Description of problem: I was working on a fencing problem when I discovered this kernel crash. Basically what happens is the kernel crashes into kdb with dlm problem. The steps to reproduce this are: service ccsd start service cman start service clvmd start service clvmd stop service cman stop Starting portlock: ip_tables: (C) 2000-2002 Netfilter core team [ OK ] CMAN <CVS> (built May 9 2007 14:54:51) installed CMAN: quorum regained, resuming activity DLM <CVS> (built May 9 2007 14:55:00) installed WARNING: dlm_emergency_shutdown WARNING: dlm_emergency_shutdown slab error in kmem_cache_destroy(): cache `dlm_lkb': Can't free all objects Call Trace: <ffffffff8016191f>{kmem_cache_destroy+202} <ffffffffa02440ac>{:dlm:dlm_memory_exit+37} <ffffffffa024bbf9>{:dlm:cleanup_module+23} <ffffffff8014dc54>{sys_delete_module+479} <ffffffff80110c61>{error_exit+0} <ffffffff801101c6>{system_call+126} CMAN <CVS> (built May 9 2007 14:54:51) installed SLAB: cache with size 232 has lost its name CMAN: quorum regained, resuming activity kmem_cache_create: duplicate cache dlm_lkb Kernel BUG at slab:1453 invalid operand: 0000 [1] SMP Entering kdb (current=0x00000100e1b477f0, pid 8489) on processor 0 Oops: <NULL> due to oops @ 0xffffffff801623b8 r15 = 0xffffffffa024dd47 r14 = 0x0000010000000000 r13 = 0x0000000000000000 r12 = 0xffffffff8048a0e0 rbp = 0x00000100e3cec880 rbx = 0x00000100e3cecb70 r11 = 0x0000000000000001 r10 = 0x0000000100000000 r9 = 0x00000100e3cecb70 r8 = 0xffffffff803e5ac8 rax = 0x000000000000002b rcx = 0xffffffff803e5ac8 rdx = 0xffffffff803e5ac8 rsi = 0x0000000000000246 rdi = 0xffffffff8048a0e0 orig_rax = 0xffffffffffffffff rip = 0xffffffff801623b8 cs = 0x0000000000000010 eflags = 0x0000000000010202 rsp = 0x00000100e15d7ec0 ss = 0x00000100e15d6000 ®s = 0x00000100e15d7e28 [0]kdb> [forced to `spy' mode by cwsupport] [0]kdb> bt Stack traceback for pid 8489 0x00000100e1b477f0 8489 8445 1 0 R 0x00000100e1b47bf0 *modprobe RSP RIP Function (args) 0x100e15d7ec0 0xffffffff801623b8 kmem_cache_create+0x532 0x100e15d7f38 0xffffffffa0243fb0 [dlm]dlm_memory_init+0x80 0x100e15d7f48 0xffffffffa025c01a [dlm]init_module+0x1a 0x100e15d7f58 0xffffffff8014f739 sys_init_module+0x116
Suggested fix is to do the following at the end of lockspace.c:release_lockspace() } } + spin_lock(&ls->ls_trash_spin); +printk("release_lockspace: %d on the trash list\n",ls->ls_trash_count); + if (ls->ls_trash_count) { + struct dlm_lkb *lkb1, *lkb2; + list_for_each_entry_safe(lkb1, lkb2, &ls->ls_trash_list, + lkb_idtbl_list) { + list_del(&lkb1->lkb_idtbl_list); + free_lkb(lkb1); + } + } + spin_unlock(&ls->ls_trash_spin); + astd_resume();
You're evidently running with a debugging patch that was used while working on bug 199673 (patch in comment 16 of that bug).
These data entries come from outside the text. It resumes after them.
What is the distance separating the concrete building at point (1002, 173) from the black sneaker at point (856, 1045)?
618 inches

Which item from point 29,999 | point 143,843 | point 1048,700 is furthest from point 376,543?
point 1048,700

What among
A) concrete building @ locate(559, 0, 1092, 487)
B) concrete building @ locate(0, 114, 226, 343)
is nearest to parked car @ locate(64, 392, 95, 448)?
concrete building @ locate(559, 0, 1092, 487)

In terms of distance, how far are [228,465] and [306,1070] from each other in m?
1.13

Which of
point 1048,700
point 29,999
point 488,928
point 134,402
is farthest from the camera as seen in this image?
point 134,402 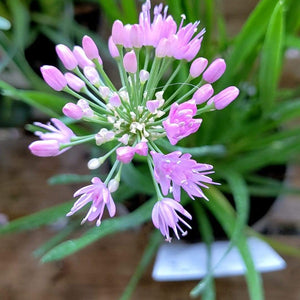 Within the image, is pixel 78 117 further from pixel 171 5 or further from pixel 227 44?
pixel 227 44

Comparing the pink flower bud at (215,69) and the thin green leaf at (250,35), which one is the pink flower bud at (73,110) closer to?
the pink flower bud at (215,69)

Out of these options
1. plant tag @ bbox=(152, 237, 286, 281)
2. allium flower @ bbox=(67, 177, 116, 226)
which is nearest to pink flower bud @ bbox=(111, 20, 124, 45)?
allium flower @ bbox=(67, 177, 116, 226)

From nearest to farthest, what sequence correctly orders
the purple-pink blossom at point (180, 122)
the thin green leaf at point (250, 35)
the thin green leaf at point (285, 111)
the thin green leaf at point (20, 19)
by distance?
1. the purple-pink blossom at point (180, 122)
2. the thin green leaf at point (250, 35)
3. the thin green leaf at point (285, 111)
4. the thin green leaf at point (20, 19)

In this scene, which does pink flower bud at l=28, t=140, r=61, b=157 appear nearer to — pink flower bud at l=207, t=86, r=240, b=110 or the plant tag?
pink flower bud at l=207, t=86, r=240, b=110


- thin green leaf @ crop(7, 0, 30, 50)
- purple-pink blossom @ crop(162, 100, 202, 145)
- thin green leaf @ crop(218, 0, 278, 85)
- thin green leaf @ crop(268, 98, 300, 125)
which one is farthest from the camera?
thin green leaf @ crop(7, 0, 30, 50)

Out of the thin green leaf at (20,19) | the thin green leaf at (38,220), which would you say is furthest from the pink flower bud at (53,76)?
the thin green leaf at (20,19)

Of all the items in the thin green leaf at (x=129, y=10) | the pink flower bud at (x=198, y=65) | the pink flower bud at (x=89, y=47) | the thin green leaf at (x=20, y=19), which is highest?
the thin green leaf at (x=20, y=19)

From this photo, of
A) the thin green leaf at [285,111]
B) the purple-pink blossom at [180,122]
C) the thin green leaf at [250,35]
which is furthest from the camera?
the thin green leaf at [285,111]

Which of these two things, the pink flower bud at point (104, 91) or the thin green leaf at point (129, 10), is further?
the thin green leaf at point (129, 10)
That debugging patch is definately not suitable for general usage and appears to be the cause of your problems. You should remove that patch and update to the most recent version of the dlm.
Please reopen this bug if there's still a problem after removing the patch.